Task
Give back exactly the lines from the beginning of the listing below to the line holding "Quinton Leather Slip On Shoe", both ends included; the pictures stay out.

Provided records

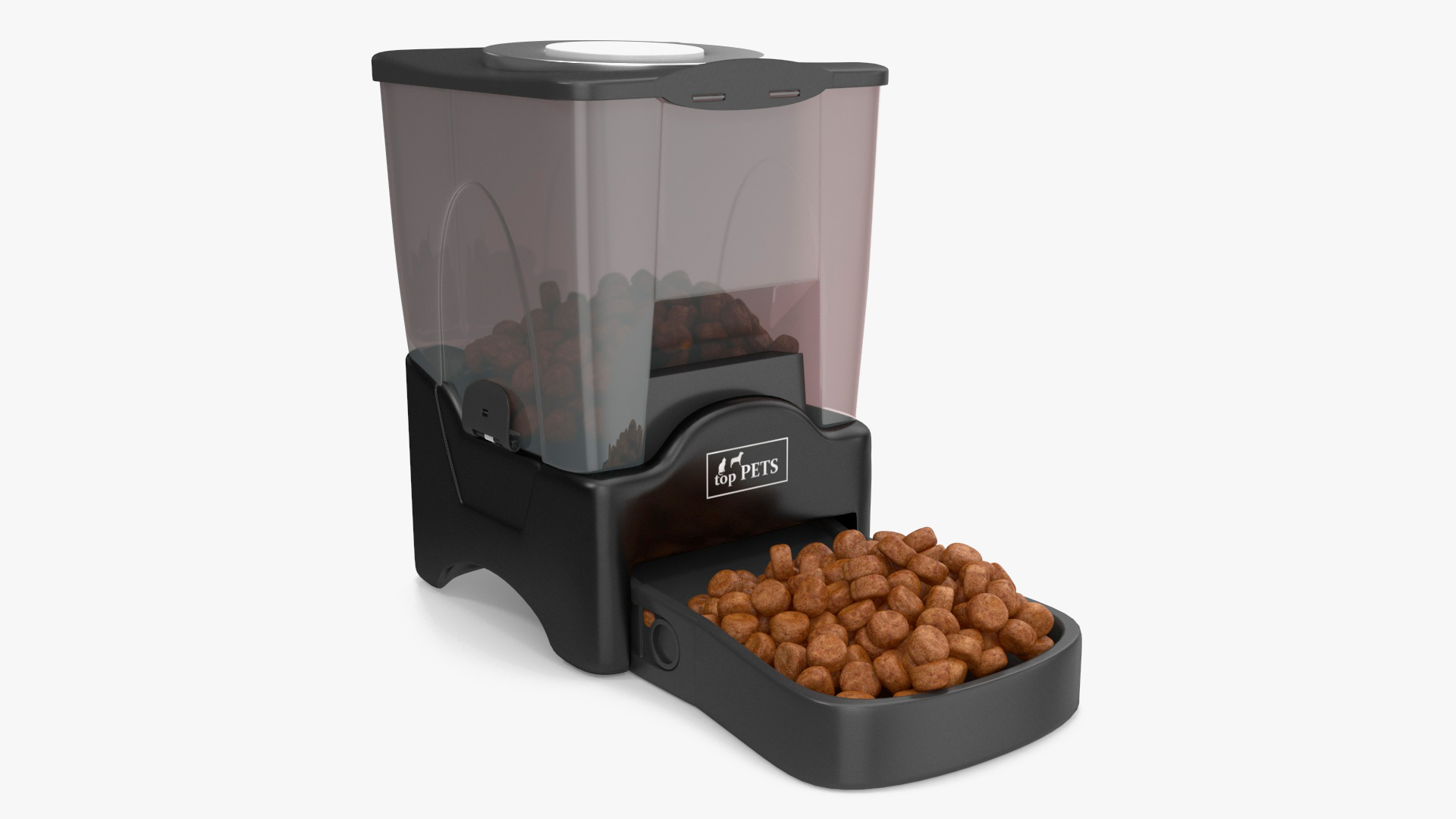 Pet Dry Food Dispenser 3D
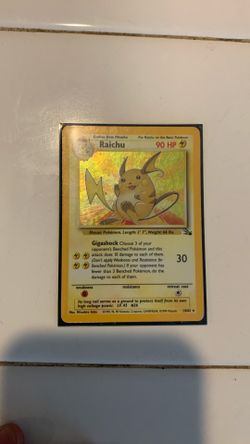 Raichu muk hypno weezing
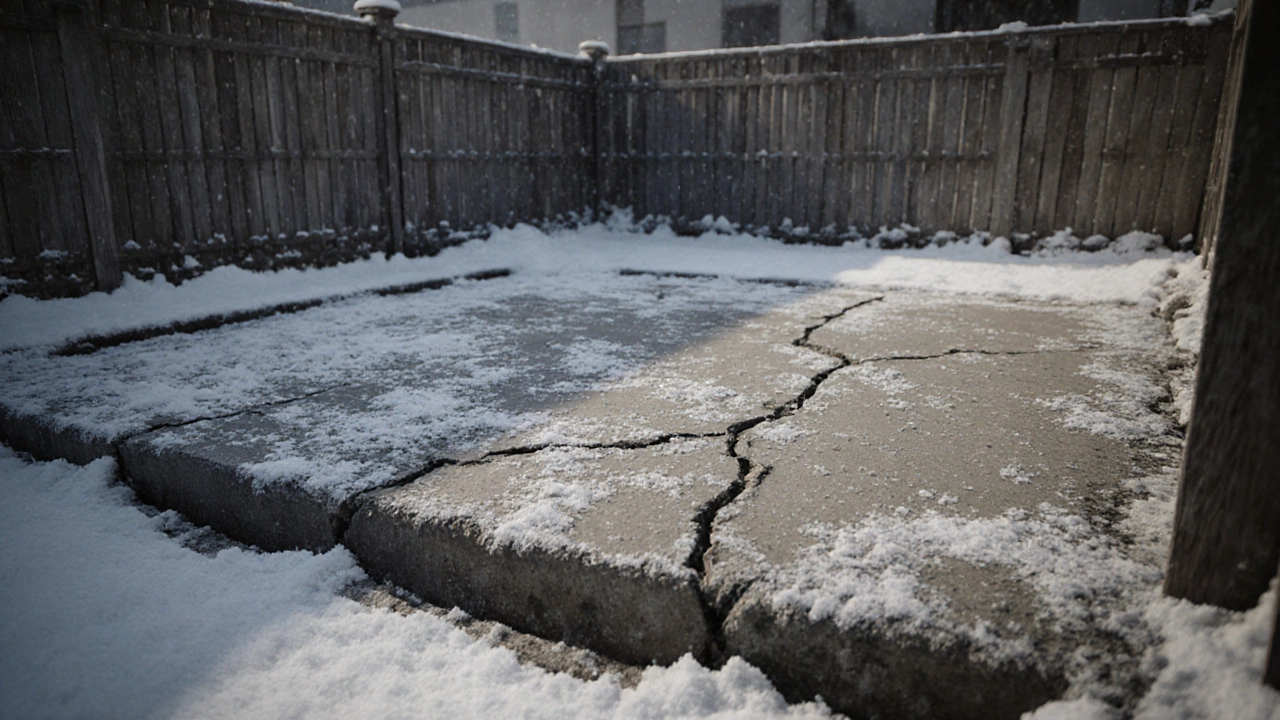 Сколько лет служит бетон: реальный срок службы и что его влияет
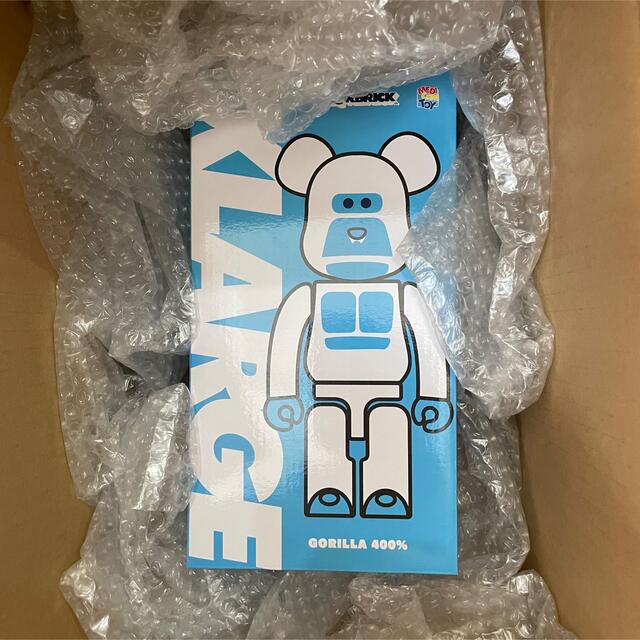 BE@RBRICK XLARGE LITTLE FRIEND WHITE 400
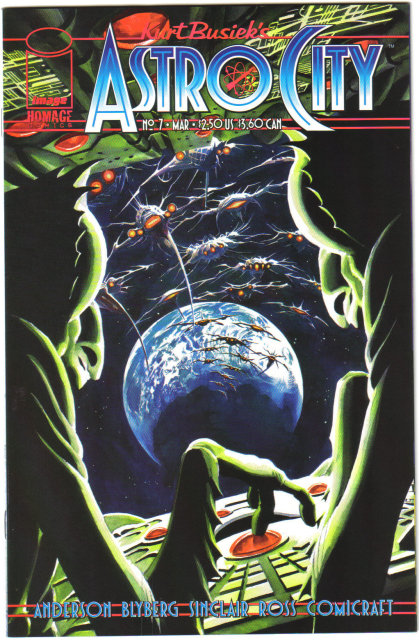 Kurt Busiek's Astro City vol 2 #7 comic book mint 9.8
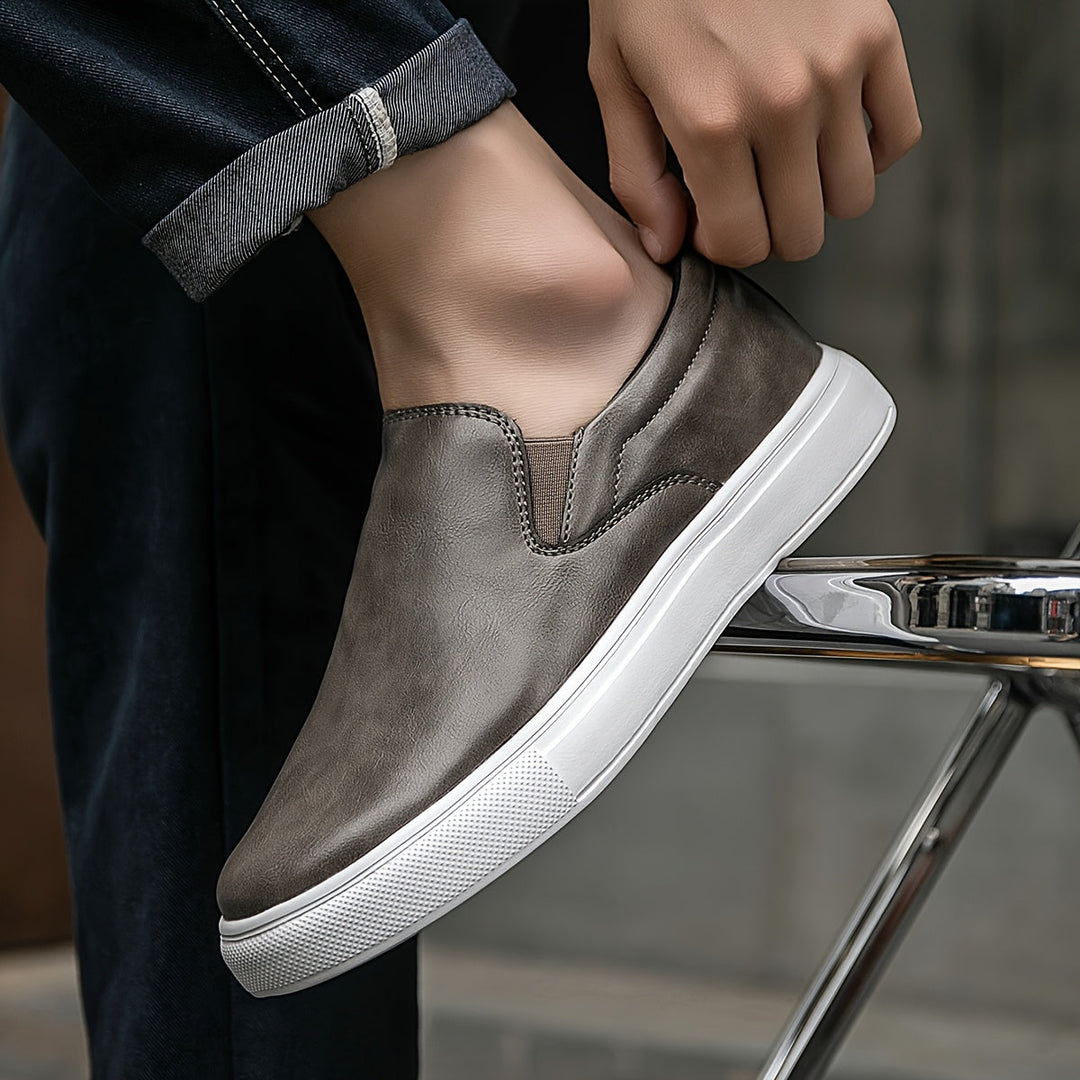 Quinton Leather Slip On Shoe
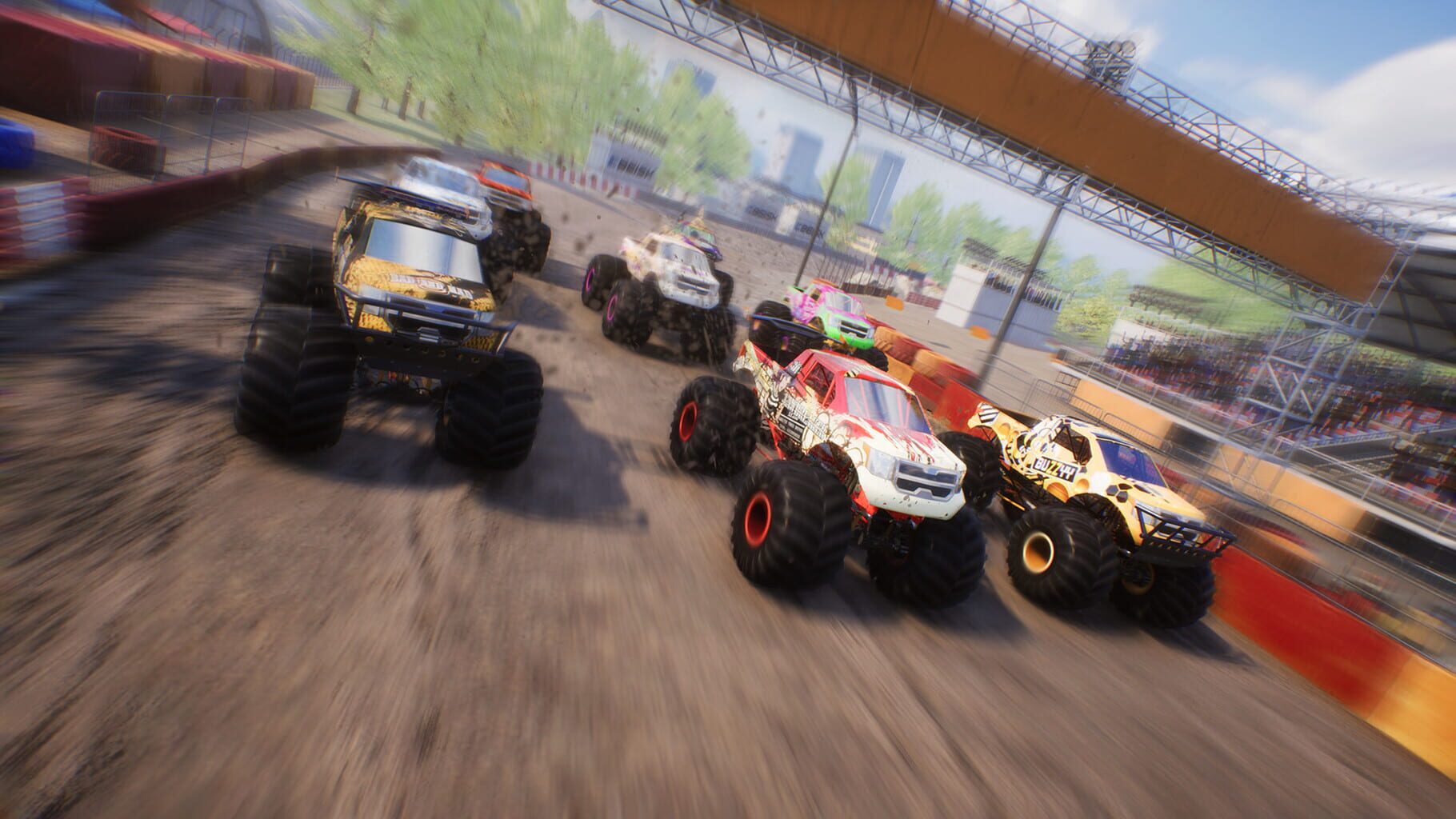 Screenshot for Monster Truck Championship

Output of the exercise
 Pet Dry Food Dispenser 3D
 Raichu muk hypno weezing
 Сколько лет служит бетон: реальный срок службы и что его влияет
 BE@RBRICK XLARGE LITTLE FRIEND WHITE 400
 Kurt Busiek's Astro City vol 2 #7 comic book mint 9.8
 Quinton Leather Slip On Shoe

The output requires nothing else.